## Is there a dynamic argument for expected utility maximisation?

Why should you maximize expected utility? A well-known answer – discussed, for example, in McClennen (1990), Cubitt (1996), and Gustafsson (2022) – goes as follows.

1. von Neumann and Morgenstern (1944) have shown that you if you don't maximize expected utility, then your preferences violate certain conditions or "axioms".
2. If your preferences violate these axioms, then you are disposed to make sequences of choices that are guaranteed to leave you worse off than what you could otherwise have achieved.

I'm glossing over lots of interesting subtleties here. What I'm interested in is whether one can construct an argument along these lines for expected utility maximization as a general rule of decision making, without making substantive assumptions about the agent's goals.

Let me explain.

It is plausible, I think, that there is a fairly general model of how beliefs and desires relate to choices. There aren't different rules for how one should act depending on what one desires, with nothing to unify the different rules: if you only desire your future pleasure, use rule X; if you desire money, use rule Y; if you like coffee, use rule Z; and so on.
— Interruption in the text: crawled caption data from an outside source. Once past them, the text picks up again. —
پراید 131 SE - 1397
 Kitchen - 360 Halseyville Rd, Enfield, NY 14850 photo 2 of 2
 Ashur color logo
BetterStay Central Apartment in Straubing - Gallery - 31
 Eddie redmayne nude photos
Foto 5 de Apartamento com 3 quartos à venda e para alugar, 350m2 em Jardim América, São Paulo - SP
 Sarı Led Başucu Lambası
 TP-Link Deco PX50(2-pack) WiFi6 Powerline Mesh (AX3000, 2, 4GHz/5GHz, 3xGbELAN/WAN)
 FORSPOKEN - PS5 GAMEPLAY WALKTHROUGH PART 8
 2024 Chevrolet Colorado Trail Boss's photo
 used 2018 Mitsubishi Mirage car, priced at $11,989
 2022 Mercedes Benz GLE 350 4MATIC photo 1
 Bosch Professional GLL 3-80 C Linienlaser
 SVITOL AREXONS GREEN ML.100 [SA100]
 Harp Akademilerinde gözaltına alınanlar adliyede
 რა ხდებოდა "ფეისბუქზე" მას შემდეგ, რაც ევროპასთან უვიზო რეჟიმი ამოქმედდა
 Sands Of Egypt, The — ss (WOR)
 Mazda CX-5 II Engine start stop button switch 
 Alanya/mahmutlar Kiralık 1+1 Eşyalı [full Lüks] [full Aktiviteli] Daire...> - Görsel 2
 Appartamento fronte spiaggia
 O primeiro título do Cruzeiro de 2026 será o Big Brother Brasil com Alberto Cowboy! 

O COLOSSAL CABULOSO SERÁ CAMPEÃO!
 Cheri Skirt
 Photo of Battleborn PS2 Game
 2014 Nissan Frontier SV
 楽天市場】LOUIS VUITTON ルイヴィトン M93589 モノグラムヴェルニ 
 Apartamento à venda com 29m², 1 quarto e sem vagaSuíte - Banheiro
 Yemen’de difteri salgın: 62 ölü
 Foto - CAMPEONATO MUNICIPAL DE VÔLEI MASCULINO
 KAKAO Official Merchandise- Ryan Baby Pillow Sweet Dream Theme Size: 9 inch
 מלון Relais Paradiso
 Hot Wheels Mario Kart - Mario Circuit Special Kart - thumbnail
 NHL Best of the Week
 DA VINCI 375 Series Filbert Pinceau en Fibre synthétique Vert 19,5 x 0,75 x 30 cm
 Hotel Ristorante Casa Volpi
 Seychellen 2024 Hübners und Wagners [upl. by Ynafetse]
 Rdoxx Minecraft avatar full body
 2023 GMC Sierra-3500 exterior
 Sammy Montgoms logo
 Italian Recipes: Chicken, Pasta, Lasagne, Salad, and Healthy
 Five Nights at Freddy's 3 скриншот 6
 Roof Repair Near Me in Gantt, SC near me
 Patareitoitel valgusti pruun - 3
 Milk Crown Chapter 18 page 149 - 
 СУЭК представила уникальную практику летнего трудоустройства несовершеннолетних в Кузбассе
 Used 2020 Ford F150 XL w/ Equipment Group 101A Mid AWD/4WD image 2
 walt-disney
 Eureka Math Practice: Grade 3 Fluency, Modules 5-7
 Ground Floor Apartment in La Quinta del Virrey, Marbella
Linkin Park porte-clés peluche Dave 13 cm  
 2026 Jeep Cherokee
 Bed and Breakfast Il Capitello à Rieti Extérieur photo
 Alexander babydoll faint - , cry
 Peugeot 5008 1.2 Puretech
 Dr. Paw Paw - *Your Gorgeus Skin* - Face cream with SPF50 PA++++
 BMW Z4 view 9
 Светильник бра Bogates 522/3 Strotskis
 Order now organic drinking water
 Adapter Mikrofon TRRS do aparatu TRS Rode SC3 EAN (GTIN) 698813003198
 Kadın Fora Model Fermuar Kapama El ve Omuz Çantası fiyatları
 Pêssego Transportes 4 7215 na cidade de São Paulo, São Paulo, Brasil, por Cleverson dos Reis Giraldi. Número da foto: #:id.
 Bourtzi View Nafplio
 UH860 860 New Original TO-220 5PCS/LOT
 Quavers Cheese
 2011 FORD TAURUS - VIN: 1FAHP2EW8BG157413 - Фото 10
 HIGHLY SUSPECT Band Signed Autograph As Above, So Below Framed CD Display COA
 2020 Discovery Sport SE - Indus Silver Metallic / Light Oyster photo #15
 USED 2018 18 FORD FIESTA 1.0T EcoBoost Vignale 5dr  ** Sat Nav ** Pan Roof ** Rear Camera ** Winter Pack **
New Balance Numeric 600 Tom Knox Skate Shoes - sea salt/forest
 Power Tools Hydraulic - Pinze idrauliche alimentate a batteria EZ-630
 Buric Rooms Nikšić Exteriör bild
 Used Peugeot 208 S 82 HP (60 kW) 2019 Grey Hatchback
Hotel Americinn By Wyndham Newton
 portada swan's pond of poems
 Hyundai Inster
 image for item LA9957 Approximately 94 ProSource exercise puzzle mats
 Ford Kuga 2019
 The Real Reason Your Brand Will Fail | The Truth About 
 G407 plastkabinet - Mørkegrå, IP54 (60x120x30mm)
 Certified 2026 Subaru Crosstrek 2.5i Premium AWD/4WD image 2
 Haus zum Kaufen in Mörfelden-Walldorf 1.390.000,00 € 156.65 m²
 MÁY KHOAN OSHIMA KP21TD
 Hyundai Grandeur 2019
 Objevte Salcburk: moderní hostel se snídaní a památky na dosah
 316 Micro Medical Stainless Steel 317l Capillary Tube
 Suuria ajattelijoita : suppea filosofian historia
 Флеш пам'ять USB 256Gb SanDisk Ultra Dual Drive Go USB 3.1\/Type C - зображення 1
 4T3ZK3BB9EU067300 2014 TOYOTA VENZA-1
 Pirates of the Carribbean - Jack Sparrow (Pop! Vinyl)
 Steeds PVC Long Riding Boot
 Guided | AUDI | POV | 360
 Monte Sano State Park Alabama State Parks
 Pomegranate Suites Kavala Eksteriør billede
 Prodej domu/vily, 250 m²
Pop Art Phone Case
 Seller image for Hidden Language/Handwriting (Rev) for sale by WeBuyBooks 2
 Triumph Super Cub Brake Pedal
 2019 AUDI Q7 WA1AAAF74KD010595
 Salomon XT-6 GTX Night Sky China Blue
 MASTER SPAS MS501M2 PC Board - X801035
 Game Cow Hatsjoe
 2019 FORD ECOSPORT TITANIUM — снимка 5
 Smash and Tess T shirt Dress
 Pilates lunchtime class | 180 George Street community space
The expected utility rule can be understood as a (fairly) general rule about the connection between (graded) beliefs, (graded) desires, and choice. On this understanding, an agent's utility function represents her desires, and we want to impose no substantive constraints on its shape or domain. We don't want to assume, for example, that utility is a function of material goods.

Now return to the question with which I began. Why should you maximize expected utility – no matter what you ultimately care about?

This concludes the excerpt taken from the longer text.